Mientras llego, pienso justo en la diversidad. Escucho tantos idiomas al mismo tiempo, nunca domina alguno. A ratos —solo a ratos— quizá el catalán, pero el metro es esa gran Babel donde nadie está obligado a hablar el idioma del trabajo, el de la escuela, el más o menos oficial.
Finalmente llego al Arco del Triunfo, la puerta de entrada al paseo de Lluís Companys: una amplia plancha arbolada, rodeada de jardines, bancas, columnas y ornamentos cuidadosamente dispuestos.
Los turistas ignoran todo. Se amontonan en la parte frontal del arco, buscan “la selfie”, posan y posan. Poseen, porque hoy la selfie es la forma de adueñarse de lo que no te puedes llevar a casa. Es esa manera de afirmar la efímera propiedad del espacio, esa que compartes con cientos de miles en el mundo, pero que es tuya porque tú estás ahí y otros no.
La soledad es, a ratos, un privilegio. Hoy lo es. Mi gente duerme, mis hijas duermen, mi país duerme, y no tengo internet. Estoy solo en un pedazo de mundo que quiero contar… o contarme.
Una pareja asiática ha recorrido casi todo el paseo posando para una chica que les toma fotos. Dan vueltas, la muchacha ondea su vestido, se abrazan, celebran. Son jóvenes, son lindos. El lente de telefoto de mi cámara es mi gran cómplice: me cuenta más historias o me permite imaginarlas sin incomodar a las personas.
La historia que me quiero contar está ahí: en la diversidad, en la multinación, en las múltiples razones por las que tantas culturas convergen. No es ninguna novedad, es la realidad de las grandes ciudades, de las prósperas, de las culturales, de las industriales, de las turísticas. Y lo es de una ciudad como Barcelona, que lo es todo.
Dice Martín Caparrós que migrar es la solución de unos tiempos que no ofrecen soluciones.
Algunas personas llegan en avión, otras en trenes, otras más osadas cruzan un mar o un desierto. Barcelona es, como tantas, una ciudad en la que muchas, muchos, casi todos, llegan a ser otros, a dejar de ser para volver a ser.
Llegan para ser alguien que tenga más, o que sepa más, o que viva más.

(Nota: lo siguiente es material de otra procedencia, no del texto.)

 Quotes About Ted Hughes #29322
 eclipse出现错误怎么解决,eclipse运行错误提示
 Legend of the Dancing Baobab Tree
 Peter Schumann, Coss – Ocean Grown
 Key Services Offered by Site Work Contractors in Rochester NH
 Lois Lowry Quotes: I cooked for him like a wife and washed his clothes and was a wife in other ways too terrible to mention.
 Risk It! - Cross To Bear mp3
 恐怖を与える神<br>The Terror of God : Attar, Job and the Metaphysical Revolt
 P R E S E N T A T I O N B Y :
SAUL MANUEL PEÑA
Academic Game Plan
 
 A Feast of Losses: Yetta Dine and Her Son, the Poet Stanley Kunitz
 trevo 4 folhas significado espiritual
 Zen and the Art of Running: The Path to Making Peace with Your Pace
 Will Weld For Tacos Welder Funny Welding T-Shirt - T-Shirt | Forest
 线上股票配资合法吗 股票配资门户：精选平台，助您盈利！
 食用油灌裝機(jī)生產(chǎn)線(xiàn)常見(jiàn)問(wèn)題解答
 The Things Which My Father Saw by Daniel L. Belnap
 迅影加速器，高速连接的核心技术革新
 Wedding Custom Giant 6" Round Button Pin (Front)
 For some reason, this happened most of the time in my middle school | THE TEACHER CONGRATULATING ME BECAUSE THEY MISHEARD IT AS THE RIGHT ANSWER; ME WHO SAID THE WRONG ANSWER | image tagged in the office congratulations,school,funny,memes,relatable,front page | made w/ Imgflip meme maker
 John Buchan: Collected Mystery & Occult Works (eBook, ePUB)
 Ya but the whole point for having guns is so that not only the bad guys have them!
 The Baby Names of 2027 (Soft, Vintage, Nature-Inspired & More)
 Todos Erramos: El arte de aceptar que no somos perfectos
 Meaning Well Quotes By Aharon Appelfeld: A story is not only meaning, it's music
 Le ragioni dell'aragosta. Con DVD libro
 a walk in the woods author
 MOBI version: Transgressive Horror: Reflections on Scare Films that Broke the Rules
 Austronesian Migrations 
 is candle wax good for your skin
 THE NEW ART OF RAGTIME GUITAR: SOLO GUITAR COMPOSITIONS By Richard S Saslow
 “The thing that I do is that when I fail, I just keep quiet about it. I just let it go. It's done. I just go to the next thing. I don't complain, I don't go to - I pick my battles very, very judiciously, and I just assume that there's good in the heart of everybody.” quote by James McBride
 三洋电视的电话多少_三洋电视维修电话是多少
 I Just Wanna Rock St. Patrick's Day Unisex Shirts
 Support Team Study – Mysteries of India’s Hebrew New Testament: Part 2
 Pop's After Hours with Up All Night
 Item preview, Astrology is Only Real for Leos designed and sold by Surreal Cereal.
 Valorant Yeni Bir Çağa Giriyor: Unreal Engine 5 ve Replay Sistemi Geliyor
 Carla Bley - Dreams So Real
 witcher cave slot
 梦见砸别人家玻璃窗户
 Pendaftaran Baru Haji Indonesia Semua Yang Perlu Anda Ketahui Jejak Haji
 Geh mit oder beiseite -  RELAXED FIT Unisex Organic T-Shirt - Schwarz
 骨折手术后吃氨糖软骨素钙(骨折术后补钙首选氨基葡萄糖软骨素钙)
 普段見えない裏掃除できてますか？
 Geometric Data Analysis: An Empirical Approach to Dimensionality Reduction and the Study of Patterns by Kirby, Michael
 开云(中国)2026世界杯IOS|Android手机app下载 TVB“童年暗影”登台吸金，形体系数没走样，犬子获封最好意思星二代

A Barcelona llegaron miles de migrantes del interior de España tras el franquismo y el desarrollo de su industria.
En su época dorada de los 90, tras los Juegos Olímpicos, llegaron más, de todos lados: África y Medio Oriente principalmente. Aunque Barcelona parece acostumbrada a la migración desde hace décadas, hoy —como todos esos mundos, los primeros mundos— está agobiada de turismo y encimada de multiculturalidad.
Las casas no alcanzan, la vivienda es una crisis, y salpicados por las calles se encuentran gritos desesperados de “Turistas go home”.
Sigo escuchando, observo, pregunto. Un bangladesí me ofrece llaveros por un euro, mientras un ritmo intenso invade todo el paseo. Un joven golpea con corazón y destreza un darbuka al pie del monumento a Rius y Taulet. Se hace llamar Serpiente y es mexicano. Se gana la vida, viaja, también es shaman, porque todos salen de sus países para ser otros.
El paseo me da historias. Unas son explícitas, otras supuestas, incluso otras imaginarias. Y recuerdo mi privilegio de sentarme a ver a otras gentes, mientras la mía, mi gente, duerme.